Nigel...is pretty critical of some of their tricks, but said they carried them off. Mary thought it was an extremely difficult and that Will owned the routine. She says Jessica stepped up to the plate. Adam points out that Jessica might be her own worst enemy and she shouldn't be because she's beatiful and a great dancer. He says Will is scary and so good. Will gives a Travolta point on request.
It's our 12 feet of dance! Matt reveals Kourtni's tattoo on the back of her neck...which is actually pretty cool.
Matt on the other hand wears a ninja mask from time to time leads me to believe that he really wishes he was a member of Supercr3w.
We get a new choreographer this week in Sonya!
I mean this with every fiber of my being. HAWT! She gives Matt some sword strikes when he tries to front on her dojo with his ninja mask on which makes her even that much more attractive. Her piece is about two comic book heroes chasing and flirting with each other. Let's hope Matt and Kourtni aren't supposed to be Filipino heroes otherwise they would explode at the end of the piece. I'm really looking forward to this.
Ugh. They come out to "Wrestlers" by Hot Chip...costuming just ruins it. Instead of looking like comic book heroes they look like two assholes. It's quirky and they're jumping all over the place and tie-grabbing. The look really killed it for me though.
Nigel thought they looked comfortable with the style. He thinks Ameriker is too stupid to get it while dancers will love it. Mary screeches something good about it and thought it was a good showcase for them.

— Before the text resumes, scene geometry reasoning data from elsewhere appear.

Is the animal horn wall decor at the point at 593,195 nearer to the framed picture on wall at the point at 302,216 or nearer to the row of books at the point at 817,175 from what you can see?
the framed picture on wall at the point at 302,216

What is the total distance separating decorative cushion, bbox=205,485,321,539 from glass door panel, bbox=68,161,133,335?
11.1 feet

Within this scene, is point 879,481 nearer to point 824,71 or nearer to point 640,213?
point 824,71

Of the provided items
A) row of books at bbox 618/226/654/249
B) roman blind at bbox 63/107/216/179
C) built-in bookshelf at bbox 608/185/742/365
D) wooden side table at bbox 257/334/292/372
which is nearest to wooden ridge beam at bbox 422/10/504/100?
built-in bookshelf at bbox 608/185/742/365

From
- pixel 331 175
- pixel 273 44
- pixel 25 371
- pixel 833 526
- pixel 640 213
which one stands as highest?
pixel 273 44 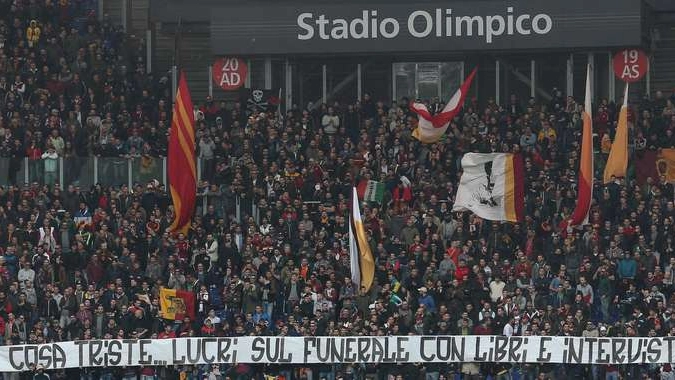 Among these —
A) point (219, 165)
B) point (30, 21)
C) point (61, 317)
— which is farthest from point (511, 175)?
point (30, 21)

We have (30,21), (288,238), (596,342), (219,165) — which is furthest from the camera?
(30,21)

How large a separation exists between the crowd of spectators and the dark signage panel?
1.47 metres

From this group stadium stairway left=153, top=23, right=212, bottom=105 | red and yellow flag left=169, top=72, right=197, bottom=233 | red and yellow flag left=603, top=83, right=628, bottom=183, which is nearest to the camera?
red and yellow flag left=603, top=83, right=628, bottom=183

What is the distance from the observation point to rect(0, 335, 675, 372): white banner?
40.9 metres

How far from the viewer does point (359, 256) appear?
1704 inches

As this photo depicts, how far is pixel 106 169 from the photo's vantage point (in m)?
49.0

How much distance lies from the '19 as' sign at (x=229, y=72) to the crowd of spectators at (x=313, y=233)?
4.41 feet

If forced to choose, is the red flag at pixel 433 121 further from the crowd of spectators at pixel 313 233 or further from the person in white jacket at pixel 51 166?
the person in white jacket at pixel 51 166

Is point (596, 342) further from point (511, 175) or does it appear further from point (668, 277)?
point (511, 175)

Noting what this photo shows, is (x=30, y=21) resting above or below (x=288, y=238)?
above

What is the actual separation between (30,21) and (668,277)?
17.5 meters

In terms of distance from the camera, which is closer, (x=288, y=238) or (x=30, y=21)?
(x=288, y=238)

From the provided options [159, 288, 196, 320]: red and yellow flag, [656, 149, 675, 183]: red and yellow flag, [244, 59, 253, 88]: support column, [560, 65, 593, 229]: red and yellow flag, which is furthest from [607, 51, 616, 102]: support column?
[159, 288, 196, 320]: red and yellow flag

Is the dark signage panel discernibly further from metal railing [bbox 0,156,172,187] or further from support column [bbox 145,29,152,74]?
support column [bbox 145,29,152,74]
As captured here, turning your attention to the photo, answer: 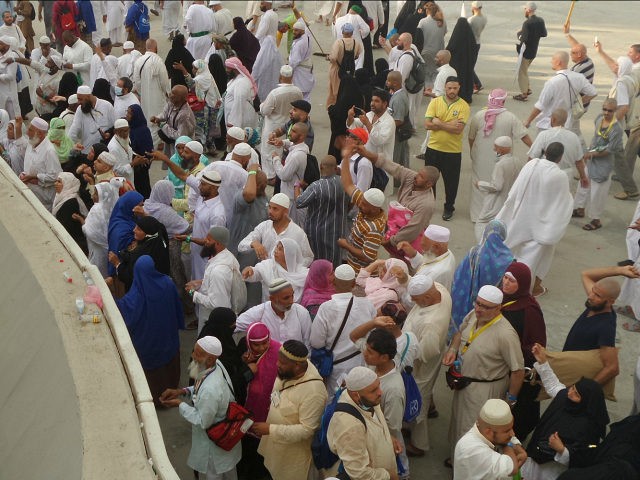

Adam loved Kourtni's control and thought they were great dancers. He blasts wardrobe for putting Kourtni in a shopping bag. Word.
Now to the part in the recap where I cut corners.
Chelsea and Thayne: Secrets: Chelsea steals flowers. Thayne embroiders his own t-shirts. I guess Thayne is a pansy isn't really a secret.
Quick Step + Phil Collins + The Charleston - the move where you put your hands over your knees as you knock them together = Bottom Three.
Nigel says get your solos ready. Mary gives a retarded gravity filled speech about how Chelsea is now off the HTT and Thayne is now barely hanging on. I don't care what Adam has to say unless it involves strangling Mary.
Let's see who's left...
Oh yeah, Chelsie and Mark are doing hip-hop this week, but before we get into that Mark has crooked pinkies and Chelsie is a tomboy. Napoleon and Tabitha admit that they choreograph to match the lyrics and he sings out "I-Don't-Care-what-they-say" which means that this is gonna be to Leona Lewis' "Bleeding the Love"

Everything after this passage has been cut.